→ **LISTED RECORDS**
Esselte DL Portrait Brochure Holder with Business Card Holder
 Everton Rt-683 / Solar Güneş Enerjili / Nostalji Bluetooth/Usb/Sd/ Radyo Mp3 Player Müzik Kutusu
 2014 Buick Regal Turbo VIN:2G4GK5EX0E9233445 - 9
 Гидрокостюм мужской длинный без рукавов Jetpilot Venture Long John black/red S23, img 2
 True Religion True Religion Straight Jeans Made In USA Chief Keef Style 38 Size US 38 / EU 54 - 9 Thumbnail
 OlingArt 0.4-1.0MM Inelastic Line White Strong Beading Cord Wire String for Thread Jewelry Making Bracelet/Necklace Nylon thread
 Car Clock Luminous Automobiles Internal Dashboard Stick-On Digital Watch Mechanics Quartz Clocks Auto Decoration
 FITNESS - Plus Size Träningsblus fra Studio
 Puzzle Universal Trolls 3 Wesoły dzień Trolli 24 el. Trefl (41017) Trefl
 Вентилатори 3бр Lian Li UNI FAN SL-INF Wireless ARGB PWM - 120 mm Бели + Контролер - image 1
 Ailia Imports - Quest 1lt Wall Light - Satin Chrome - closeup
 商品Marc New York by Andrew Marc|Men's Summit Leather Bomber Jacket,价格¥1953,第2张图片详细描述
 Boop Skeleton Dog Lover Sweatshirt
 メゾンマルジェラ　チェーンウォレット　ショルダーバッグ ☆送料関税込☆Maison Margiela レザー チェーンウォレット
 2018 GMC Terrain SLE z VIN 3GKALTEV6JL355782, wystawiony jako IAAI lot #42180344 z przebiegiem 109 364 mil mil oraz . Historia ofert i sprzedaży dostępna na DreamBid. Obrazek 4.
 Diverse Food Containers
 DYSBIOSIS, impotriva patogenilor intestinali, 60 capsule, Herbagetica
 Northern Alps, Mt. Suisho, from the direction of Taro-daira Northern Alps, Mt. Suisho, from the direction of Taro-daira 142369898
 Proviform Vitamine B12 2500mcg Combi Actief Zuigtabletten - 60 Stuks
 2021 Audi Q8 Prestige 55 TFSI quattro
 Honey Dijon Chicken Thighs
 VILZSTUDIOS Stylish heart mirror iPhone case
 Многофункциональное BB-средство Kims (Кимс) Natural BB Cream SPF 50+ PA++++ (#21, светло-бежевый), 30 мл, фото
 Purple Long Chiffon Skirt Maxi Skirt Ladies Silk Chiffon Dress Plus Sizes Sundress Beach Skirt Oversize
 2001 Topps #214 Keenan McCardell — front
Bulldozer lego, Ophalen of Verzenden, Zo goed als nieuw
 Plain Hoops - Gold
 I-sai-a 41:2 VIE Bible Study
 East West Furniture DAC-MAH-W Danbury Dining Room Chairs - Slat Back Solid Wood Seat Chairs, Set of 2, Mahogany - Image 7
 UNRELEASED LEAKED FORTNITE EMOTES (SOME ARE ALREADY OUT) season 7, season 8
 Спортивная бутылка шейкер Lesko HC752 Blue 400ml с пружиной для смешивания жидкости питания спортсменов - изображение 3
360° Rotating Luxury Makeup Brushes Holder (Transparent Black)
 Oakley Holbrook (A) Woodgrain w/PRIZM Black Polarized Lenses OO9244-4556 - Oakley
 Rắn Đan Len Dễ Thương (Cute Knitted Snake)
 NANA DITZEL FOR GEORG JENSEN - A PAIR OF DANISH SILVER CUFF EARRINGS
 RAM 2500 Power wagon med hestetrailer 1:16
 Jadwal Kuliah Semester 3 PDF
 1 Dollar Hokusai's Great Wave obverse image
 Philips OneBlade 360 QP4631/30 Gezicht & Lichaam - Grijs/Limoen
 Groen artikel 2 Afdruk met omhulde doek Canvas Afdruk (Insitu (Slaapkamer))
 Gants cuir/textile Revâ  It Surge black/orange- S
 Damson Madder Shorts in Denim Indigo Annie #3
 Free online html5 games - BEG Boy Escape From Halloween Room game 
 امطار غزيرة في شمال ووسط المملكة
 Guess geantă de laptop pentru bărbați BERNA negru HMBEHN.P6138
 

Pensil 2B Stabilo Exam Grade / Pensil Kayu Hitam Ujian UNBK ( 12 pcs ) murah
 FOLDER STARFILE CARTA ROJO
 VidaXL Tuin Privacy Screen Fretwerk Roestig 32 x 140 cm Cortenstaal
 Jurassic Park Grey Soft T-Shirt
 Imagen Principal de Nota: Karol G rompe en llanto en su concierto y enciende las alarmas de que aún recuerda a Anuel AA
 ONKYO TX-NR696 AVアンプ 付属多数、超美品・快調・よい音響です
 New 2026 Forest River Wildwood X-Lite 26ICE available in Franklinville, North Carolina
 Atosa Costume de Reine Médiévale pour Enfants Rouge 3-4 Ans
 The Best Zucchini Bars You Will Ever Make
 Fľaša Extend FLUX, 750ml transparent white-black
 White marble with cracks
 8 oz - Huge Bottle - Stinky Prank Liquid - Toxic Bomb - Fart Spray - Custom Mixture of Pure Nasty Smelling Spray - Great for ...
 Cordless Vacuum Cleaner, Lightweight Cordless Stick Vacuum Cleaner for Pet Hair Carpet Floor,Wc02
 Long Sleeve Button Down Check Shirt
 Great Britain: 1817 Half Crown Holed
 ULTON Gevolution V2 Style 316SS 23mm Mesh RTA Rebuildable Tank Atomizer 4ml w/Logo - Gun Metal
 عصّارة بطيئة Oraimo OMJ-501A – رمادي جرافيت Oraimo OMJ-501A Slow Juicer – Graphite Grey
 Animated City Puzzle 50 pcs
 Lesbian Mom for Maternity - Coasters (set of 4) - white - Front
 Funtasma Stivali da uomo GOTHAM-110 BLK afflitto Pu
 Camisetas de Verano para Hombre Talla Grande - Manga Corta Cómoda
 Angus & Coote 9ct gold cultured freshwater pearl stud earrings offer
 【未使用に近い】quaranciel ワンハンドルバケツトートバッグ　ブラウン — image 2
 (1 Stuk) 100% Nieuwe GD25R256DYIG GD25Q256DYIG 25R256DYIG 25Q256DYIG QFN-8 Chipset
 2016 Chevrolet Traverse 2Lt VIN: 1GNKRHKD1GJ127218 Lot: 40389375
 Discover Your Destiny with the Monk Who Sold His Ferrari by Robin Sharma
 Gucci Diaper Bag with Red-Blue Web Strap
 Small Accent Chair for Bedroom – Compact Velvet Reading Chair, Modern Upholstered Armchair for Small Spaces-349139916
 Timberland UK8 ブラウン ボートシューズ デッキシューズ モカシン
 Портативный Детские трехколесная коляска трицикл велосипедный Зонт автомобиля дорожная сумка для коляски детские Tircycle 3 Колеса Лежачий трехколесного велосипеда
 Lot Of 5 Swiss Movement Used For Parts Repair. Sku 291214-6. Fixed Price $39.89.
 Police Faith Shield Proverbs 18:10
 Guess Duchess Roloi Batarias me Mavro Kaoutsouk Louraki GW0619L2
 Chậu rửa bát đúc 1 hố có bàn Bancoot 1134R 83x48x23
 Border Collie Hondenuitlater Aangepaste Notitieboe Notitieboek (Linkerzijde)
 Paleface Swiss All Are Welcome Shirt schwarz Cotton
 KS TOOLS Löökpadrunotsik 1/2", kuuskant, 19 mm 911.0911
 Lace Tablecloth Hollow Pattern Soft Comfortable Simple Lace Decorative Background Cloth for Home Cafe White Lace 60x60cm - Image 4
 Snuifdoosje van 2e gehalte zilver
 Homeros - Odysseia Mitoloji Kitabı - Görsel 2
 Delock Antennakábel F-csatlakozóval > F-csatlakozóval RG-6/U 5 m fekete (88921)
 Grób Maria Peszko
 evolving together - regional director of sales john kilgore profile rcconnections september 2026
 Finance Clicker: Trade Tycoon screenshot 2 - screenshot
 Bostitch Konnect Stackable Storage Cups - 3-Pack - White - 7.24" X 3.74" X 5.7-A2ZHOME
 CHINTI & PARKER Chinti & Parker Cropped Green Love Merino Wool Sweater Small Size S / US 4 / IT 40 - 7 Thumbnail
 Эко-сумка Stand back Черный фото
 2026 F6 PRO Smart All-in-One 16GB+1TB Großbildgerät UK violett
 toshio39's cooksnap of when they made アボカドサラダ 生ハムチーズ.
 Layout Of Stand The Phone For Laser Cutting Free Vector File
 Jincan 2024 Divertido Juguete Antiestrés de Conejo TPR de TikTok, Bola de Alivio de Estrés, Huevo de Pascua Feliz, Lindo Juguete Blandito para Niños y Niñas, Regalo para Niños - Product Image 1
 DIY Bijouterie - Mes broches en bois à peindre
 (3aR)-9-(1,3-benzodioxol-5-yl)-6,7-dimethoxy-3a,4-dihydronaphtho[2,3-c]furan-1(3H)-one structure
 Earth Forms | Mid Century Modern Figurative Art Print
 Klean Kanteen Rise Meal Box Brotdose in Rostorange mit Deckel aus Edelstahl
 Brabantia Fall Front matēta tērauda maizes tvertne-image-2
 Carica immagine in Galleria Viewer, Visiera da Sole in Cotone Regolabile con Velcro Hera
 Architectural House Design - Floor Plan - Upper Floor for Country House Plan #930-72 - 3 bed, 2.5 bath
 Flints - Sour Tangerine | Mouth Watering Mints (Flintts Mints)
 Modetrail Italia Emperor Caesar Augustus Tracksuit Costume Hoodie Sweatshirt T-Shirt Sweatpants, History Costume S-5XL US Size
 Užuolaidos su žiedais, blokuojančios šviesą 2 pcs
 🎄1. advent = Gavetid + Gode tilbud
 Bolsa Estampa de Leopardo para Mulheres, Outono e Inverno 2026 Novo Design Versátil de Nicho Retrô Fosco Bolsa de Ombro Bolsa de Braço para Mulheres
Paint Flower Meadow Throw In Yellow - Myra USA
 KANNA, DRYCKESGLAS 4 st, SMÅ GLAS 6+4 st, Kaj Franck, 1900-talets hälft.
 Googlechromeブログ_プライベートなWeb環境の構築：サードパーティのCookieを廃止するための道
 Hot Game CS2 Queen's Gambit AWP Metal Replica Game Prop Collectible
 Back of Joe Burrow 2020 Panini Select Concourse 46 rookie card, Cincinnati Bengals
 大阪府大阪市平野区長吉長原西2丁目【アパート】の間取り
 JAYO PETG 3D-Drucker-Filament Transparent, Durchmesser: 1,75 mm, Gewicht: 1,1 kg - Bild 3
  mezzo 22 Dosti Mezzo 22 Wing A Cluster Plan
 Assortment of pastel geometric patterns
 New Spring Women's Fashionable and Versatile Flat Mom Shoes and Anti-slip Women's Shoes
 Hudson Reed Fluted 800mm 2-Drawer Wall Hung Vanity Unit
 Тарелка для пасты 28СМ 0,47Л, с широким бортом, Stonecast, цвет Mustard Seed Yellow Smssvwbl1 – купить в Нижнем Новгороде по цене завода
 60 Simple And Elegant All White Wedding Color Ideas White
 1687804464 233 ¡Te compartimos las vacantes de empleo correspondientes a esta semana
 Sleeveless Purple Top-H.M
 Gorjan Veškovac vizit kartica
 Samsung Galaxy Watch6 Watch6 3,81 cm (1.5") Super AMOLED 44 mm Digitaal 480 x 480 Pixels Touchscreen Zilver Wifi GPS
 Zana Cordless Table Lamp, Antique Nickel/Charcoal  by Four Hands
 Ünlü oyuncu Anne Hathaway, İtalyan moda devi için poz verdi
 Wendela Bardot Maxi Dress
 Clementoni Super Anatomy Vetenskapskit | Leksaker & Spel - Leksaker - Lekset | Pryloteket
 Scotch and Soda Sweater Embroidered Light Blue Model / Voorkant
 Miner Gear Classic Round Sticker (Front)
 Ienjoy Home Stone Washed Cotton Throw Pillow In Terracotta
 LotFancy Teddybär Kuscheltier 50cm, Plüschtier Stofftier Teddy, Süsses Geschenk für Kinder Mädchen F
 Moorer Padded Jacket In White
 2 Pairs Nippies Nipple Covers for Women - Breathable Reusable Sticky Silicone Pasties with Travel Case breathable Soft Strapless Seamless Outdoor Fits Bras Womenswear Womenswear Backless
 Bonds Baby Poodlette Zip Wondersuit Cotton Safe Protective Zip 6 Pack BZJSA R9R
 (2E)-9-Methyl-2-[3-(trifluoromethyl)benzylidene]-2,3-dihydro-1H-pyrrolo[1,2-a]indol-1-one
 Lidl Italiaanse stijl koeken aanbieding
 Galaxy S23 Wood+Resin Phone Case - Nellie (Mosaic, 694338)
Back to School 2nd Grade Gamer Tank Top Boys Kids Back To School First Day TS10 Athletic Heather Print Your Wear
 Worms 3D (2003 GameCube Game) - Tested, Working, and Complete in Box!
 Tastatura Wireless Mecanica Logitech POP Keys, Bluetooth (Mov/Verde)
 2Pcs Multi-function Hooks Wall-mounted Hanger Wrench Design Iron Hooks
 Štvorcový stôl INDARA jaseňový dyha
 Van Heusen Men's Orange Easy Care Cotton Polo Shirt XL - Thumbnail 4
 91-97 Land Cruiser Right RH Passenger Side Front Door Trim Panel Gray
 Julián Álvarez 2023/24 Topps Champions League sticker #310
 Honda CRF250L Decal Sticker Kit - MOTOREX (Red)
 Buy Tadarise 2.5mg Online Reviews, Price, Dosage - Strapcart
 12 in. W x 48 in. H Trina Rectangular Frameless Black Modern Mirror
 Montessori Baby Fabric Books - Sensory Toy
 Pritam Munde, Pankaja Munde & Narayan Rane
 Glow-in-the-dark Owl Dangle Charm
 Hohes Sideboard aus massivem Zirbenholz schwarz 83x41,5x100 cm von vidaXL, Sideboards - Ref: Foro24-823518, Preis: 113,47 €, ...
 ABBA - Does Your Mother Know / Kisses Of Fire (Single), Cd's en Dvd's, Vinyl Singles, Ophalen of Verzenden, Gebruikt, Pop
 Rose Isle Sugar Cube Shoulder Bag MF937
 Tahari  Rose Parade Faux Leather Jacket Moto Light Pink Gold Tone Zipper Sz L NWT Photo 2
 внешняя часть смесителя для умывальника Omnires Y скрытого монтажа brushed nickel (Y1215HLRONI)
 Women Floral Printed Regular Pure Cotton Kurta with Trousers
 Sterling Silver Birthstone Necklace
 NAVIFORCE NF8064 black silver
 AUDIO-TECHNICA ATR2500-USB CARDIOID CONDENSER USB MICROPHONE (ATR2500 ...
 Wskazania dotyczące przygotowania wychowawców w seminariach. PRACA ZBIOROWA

→ **YOUR TASK**
Only those lines of the entries above that run from the line containing "Everton Rt-683 /" to the line containing "2001 Topps #214 Keenan McCardell — front", both included, should be transcribed exactly.

→ **TASK SOLUTION**
 Everton Rt-683 / Solar Güneş Enerjili / Nostalji Bluetooth/Usb/Sd/ Radyo Mp3 Player Müzik Kutusu
 2014 Buick Regal Turbo VIN:2G4GK5EX0E9233445 - 9
 Гидрокостюм мужской длинный без рукавов Jetpilot Venture Long John black/red S23, img 2
 True Religion True Religion Straight Jeans Made In USA Chief Keef Style 38 Size US 38 / EU 54 - 9 Thumbnail
 OlingArt 0.4-1.0MM Inelastic Line White Strong Beading Cord Wire String for Thread Jewelry Making Bracelet/Necklace Nylon thread
 Car Clock Luminous Automobiles Internal Dashboard Stick-On Digital Watch Mechanics Quartz Clocks Auto Decoration
 FITNESS - Plus Size Träningsblus fra Studio
 Puzzle Universal Trolls 3 Wesoły dzień Trolli 24 el. Trefl (41017) Trefl
 Вентилатори 3бр Lian Li UNI FAN SL-INF Wireless ARGB PWM - 120 mm Бели + Контролер - image 1
 Ailia Imports - Quest 1lt Wall Light - Satin Chrome - closeup
 商品Marc New York by Andrew Marc|Men's Summit Leather Bomber Jacket,价格¥1953,第2张图片详细描述
 Boop Skeleton Dog Lover Sweatshirt
 メゾンマルジェラ　チェーンウォレット　ショルダーバッグ ☆送料関税込☆Maison Margiela レザー チェーンウォレット
 2018 GMC Terrain SLE z VIN 3GKALTEV6JL355782, wystawiony jako IAAI lot #42180344 z przebiegiem 109 364 mil mil oraz . Historia ofert i sprzedaży dostępna na DreamBid. Obrazek 4.
 Diverse Food Containers
 DYSBIOSIS, impotriva patogenilor intestinali, 60 capsule, Herbagetica
 Northern Alps, Mt. Suisho, from the direction of Taro-daira Northern Alps, Mt. Suisho, from the direction of Taro-daira 142369898
 Proviform Vitamine B12 2500mcg Combi Actief Zuigtabletten - 60 Stuks
 2021 Audi Q8 Prestige 55 TFSI quattro
 Honey Dijon Chicken Thighs
 VILZSTUDIOS Stylish heart mirror iPhone case
 Многофункциональное BB-средство Kims (Кимс) Natural BB Cream SPF 50+ PA++++ (#21, светло-бежевый), 30 мл, фото
 Purple Long Chiffon Skirt Maxi Skirt Ladies Silk Chiffon Dress Plus Sizes Sundress Beach Skirt Oversize
 2001 Topps #214 Keenan McCardell — front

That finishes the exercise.